# What the task requires:
Will you give the material below again, every line exactly as it is?

--- --- ---

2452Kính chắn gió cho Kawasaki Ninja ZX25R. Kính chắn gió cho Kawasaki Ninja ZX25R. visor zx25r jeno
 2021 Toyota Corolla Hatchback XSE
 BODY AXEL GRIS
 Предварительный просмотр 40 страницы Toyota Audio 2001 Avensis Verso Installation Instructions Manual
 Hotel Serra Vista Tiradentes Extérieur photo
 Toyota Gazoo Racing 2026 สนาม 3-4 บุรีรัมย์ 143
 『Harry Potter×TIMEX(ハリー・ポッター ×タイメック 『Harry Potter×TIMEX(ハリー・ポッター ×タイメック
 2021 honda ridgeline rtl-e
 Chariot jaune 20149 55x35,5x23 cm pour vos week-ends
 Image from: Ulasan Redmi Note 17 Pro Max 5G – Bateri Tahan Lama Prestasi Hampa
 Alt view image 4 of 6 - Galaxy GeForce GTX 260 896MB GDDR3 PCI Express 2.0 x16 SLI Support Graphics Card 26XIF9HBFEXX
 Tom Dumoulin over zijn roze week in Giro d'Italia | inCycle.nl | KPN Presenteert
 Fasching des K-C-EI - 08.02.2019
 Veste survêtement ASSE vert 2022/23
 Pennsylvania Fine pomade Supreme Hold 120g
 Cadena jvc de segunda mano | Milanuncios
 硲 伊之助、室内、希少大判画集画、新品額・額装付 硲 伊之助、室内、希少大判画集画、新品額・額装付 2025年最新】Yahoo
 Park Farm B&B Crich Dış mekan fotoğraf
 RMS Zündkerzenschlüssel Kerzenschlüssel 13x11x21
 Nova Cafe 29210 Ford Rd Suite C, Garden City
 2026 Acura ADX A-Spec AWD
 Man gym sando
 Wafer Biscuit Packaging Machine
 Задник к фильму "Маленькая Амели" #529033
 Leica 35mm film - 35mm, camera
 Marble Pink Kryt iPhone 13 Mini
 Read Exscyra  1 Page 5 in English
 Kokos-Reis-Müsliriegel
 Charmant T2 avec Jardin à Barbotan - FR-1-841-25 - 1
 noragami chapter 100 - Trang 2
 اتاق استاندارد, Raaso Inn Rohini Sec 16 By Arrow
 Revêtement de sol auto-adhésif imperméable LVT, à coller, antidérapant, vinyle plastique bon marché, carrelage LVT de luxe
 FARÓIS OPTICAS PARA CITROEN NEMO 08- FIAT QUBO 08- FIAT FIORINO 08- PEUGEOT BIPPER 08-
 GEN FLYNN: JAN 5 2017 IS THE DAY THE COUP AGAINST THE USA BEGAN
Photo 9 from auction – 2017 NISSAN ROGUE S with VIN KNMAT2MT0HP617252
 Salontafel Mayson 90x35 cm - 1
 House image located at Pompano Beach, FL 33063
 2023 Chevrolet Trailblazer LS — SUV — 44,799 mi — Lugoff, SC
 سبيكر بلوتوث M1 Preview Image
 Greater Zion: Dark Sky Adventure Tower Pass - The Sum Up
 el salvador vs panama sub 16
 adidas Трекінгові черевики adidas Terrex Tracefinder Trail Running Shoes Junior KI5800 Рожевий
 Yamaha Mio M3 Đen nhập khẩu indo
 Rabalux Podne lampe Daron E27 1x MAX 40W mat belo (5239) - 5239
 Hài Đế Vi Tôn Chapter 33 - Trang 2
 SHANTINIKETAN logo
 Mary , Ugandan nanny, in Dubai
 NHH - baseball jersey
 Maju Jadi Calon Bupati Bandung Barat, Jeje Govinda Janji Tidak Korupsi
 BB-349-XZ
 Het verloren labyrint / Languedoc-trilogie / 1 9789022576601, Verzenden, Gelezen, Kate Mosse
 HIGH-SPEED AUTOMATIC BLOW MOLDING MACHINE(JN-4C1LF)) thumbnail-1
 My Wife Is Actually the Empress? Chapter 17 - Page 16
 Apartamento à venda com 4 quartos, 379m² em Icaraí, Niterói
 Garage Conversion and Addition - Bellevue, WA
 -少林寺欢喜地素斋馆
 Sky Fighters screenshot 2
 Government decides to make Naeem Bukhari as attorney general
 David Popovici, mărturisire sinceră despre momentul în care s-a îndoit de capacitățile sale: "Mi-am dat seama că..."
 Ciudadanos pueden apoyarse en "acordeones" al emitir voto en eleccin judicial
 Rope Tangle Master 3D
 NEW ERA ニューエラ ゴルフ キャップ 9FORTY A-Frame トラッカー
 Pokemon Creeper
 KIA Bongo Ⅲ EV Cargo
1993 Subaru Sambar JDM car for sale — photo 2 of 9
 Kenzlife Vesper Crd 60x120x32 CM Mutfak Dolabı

--- --- ---

# Exercise response:
2452Kính chắn gió cho Kawasaki Ninja ZX25R. Kính chắn gió cho Kawasaki Ninja ZX25R. visor zx25r jeno
 2021 Toyota Corolla Hatchback XSE
 BODY AXEL GRIS
 Предварительный просмотр 40 страницы Toyota Audio 2001 Avensis Verso Installation Instructions Manual
 Hotel Serra Vista Tiradentes Extérieur photo
 Toyota Gazoo Racing 2026 สนาม 3-4 บุรีรัมย์ 143
 『Harry Potter×TIMEX(ハリー・ポッター ×タイメック 『Harry Potter×TIMEX(ハリー・ポッター ×タイメック
 2021 honda ridgeline rtl-e
 Chariot jaune 20149 55x35,5x23 cm pour vos week-ends
 Image from: Ulasan Redmi Note 17 Pro Max 5G – Bateri Tahan Lama Prestasi Hampa
 Alt view image 4 of 6 - Galaxy GeForce GTX 260 896MB GDDR3 PCI Express 2.0 x16 SLI Support Graphics Card 26XIF9HBFEXX
 Tom Dumoulin over zijn roze week in Giro d'Italia | inCycle.nl | KPN Presenteert
 Fasching des K-C-EI - 08.02.2019
 Veste survêtement ASSE vert 2022/23
 Pennsylvania Fine pomade Supreme Hold 120g
 Cadena jvc de segunda mano | Milanuncios
 硲 伊之助、室内、希少大判画集画、新品額・額装付 硲 伊之助、室内、希少大判画集画、新品額・額装付 2025年最新】Yahoo
 Park Farm B&B Crich Dış mekan fotoğraf
 RMS Zündkerzenschlüssel Kerzenschlüssel 13x11x21
 Nova Cafe 29210 Ford Rd Suite C, Garden City
 2026 Acura ADX A-Spec AWD
 Man gym sando
 Wafer Biscuit Packaging Machine
 Задник к фильму "Маленькая Амели" #529033
 Leica 35mm film - 35mm, camera
 Marble Pink Kryt iPhone 13 Mini
 Read Exscyra  1 Page 5 in English
 Kokos-Reis-Müsliriegel
 Charmant T2 avec Jardin à Barbotan - FR-1-841-25 - 1
 noragami chapter 100 - Trang 2
 اتاق استاندارد, Raaso Inn Rohini Sec 16 By Arrow
 Revêtement de sol auto-adhésif imperméable LVT, à coller, antidérapant, vinyle plastique bon marché, carrelage LVT de luxe
 FARÓIS OPTICAS PARA CITROEN NEMO 08- FIAT QUBO 08- FIAT FIORINO 08- PEUGEOT BIPPER 08-
 GEN FLYNN: JAN 5 2017 IS THE DAY THE COUP AGAINST THE USA BEGAN
Photo 9 from auction – 2017 NISSAN ROGUE S with VIN KNMAT2MT0HP617252
 Salontafel Mayson 90x35 cm - 1
 House image located at Pompano Beach, FL 33063
 2023 Chevrolet Trailblazer LS — SUV — 44,799 mi — Lugoff, SC
 سبيكر بلوتوث M1 Preview Image
 Greater Zion: Dark Sky Adventure Tower Pass - The Sum Up
 el salvador vs panama sub 16
 adidas Трекінгові черевики adidas Terrex Tracefinder Trail Running Shoes Junior KI5800 Рожевий
 Yamaha Mio M3 Đen nhập khẩu indo
 Rabalux Podne lampe Daron E27 1x MAX 40W mat belo (5239) - 5239
 Hài Đế Vi Tôn Chapter 33 - Trang 2
 SHANTINIKETAN logo
 Mary , Ugandan nanny, in Dubai
 NHH - baseball jersey
 Maju Jadi Calon Bupati Bandung Barat, Jeje Govinda Janji Tidak Korupsi
 BB-349-XZ
 Het verloren labyrint / Languedoc-trilogie / 1 9789022576601, Verzenden, Gelezen, Kate Mosse
 HIGH-SPEED AUTOMATIC BLOW MOLDING MACHINE(JN-4C1LF)) thumbnail-1
 My Wife Is Actually the Empress? Chapter 17 - Page 16
 Apartamento à venda com 4 quartos, 379m² em Icaraí, Niterói
 Garage Conversion and Addition - Bellevue, WA
 -少林寺欢喜地素斋馆
 Sky Fighters screenshot 2
 Government decides to make Naeem Bukhari as attorney general
 David Popovici, mărturisire sinceră despre momentul în care s-a îndoit de capacitățile sale: "Mi-am dat seama că..."
 Ciudadanos pueden apoyarse en "acordeones" al emitir voto en eleccin judicial
 Rope Tangle Master 3D
 NEW ERA ニューエラ ゴルフ キャップ 9FORTY A-Frame トラッカー
 Pokemon Creeper
 KIA Bongo Ⅲ EV Cargo
1993 Subaru Sambar JDM car for sale — photo 2 of 9
 Kenzlife Vesper Crd 60x120x32 CM Mutfak Dolabı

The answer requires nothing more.